TASK DESCRIPTION:
All of the data below is to be printed again exactly.

RECORDED DATA:
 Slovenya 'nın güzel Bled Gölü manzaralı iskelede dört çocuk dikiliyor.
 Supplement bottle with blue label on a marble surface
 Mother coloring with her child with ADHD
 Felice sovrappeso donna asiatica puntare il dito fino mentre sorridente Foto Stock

RESPONSE BELOW:
 Slovenya 'nın güzel Bled Gölü manzaralı iskelede dört çocuk dikiliyor.
 Supplement bottle with blue label on a marble surface
 Mother coloring with her child with ADHD
 Felice sovrappeso donna asiatica puntare il dito fino mentre sorridente Foto Stock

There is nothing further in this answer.